[Exercise data]
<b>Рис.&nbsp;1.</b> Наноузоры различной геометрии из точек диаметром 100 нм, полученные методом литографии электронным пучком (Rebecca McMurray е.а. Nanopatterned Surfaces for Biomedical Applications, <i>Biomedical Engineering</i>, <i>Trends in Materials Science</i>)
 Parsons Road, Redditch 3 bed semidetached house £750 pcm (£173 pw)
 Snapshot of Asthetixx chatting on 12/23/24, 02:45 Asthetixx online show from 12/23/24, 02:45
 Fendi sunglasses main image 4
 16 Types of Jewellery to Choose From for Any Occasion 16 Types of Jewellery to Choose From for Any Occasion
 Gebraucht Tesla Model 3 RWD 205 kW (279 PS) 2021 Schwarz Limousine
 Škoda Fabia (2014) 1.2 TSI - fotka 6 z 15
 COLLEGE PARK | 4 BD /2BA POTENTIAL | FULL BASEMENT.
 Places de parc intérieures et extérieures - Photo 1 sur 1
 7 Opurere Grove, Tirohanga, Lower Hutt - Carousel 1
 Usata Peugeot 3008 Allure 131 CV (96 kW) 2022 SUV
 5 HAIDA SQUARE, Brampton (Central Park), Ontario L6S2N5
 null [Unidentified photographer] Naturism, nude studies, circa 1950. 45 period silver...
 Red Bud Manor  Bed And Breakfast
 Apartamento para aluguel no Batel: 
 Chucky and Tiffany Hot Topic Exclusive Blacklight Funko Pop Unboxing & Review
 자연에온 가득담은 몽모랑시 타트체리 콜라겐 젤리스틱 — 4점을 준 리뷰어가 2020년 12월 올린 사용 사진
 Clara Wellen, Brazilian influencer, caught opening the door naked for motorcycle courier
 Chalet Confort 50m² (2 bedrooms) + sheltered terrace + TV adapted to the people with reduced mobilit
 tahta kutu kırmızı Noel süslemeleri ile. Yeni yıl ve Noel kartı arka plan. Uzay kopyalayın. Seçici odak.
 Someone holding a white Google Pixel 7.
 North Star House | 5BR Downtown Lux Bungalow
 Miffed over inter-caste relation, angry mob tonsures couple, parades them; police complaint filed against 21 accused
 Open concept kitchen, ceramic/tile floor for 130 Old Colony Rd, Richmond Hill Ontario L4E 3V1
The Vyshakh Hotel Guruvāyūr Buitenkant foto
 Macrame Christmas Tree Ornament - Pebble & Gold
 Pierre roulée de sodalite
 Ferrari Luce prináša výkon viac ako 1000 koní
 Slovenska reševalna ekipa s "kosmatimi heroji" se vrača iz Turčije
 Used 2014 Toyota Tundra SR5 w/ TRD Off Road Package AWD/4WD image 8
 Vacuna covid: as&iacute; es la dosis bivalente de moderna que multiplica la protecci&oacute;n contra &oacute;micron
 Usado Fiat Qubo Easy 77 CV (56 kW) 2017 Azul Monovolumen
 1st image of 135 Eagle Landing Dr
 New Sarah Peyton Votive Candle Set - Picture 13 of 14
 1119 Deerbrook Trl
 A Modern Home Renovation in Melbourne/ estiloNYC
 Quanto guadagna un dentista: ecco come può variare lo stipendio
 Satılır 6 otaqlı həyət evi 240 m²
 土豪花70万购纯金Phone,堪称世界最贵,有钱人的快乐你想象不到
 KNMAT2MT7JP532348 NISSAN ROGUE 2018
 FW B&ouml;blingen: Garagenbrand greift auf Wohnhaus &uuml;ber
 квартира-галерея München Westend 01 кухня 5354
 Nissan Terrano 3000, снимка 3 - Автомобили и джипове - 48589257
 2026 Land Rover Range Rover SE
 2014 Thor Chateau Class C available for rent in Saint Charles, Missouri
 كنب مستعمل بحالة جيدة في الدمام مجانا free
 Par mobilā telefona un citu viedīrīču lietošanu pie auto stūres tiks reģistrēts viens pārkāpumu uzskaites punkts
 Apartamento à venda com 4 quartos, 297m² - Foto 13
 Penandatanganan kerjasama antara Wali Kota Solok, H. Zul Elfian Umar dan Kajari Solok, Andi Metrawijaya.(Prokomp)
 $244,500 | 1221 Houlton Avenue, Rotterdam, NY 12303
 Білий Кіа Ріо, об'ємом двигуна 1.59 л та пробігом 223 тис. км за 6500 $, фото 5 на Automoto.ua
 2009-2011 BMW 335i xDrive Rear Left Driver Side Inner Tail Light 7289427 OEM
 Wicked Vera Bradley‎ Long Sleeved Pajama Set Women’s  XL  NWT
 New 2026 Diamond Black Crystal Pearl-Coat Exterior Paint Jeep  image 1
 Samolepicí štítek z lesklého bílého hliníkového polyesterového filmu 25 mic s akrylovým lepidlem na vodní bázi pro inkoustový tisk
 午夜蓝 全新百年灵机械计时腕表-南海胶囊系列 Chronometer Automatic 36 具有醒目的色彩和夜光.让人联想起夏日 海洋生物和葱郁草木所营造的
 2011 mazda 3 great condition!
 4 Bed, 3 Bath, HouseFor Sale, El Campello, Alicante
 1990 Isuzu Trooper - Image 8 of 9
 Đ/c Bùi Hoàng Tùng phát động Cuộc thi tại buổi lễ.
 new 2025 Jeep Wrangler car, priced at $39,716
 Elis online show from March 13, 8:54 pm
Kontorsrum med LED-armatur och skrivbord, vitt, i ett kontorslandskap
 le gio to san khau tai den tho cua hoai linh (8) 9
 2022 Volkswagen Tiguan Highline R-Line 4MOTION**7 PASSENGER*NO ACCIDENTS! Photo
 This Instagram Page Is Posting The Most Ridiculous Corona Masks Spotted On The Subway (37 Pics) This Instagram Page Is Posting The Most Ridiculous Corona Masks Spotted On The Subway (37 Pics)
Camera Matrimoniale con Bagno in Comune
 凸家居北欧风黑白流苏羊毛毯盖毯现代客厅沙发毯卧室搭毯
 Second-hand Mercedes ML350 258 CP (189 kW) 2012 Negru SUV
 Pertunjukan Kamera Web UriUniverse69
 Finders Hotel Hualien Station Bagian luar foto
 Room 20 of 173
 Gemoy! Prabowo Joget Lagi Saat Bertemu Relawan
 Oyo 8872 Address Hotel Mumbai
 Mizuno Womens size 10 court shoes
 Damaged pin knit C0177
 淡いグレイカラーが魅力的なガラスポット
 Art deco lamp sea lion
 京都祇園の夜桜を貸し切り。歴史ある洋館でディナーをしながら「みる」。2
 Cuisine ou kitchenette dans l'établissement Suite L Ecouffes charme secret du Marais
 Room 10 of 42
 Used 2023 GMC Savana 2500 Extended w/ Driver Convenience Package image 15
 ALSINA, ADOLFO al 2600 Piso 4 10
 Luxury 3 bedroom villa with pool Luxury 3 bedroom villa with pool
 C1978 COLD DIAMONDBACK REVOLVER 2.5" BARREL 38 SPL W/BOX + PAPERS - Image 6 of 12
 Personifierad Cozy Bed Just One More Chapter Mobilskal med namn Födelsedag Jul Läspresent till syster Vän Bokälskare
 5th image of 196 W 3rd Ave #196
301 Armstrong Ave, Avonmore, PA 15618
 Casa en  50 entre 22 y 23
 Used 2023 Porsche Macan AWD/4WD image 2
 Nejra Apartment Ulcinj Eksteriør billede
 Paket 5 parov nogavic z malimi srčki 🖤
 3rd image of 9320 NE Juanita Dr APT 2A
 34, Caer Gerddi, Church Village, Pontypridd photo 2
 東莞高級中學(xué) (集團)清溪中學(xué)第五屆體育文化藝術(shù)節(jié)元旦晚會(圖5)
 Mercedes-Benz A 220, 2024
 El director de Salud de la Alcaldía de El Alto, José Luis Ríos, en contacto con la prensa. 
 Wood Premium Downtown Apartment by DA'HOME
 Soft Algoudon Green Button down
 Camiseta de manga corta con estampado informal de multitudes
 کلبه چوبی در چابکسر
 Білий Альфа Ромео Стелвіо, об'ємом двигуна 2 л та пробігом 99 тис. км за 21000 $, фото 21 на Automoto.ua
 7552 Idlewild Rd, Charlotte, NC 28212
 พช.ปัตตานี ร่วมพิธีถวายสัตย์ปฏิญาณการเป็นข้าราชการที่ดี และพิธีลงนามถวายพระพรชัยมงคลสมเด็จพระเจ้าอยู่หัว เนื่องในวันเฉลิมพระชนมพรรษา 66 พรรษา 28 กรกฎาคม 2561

[Task] Pull out each line of the listing that holds the string "Package".

[The completed task]
 Used 2014 Toyota Tundra SR5 w/ TRD Off Road Package AWD/4WD image 8
 Used 2023 GMC Savana 2500 Extended w/ Driver Convenience Package image 15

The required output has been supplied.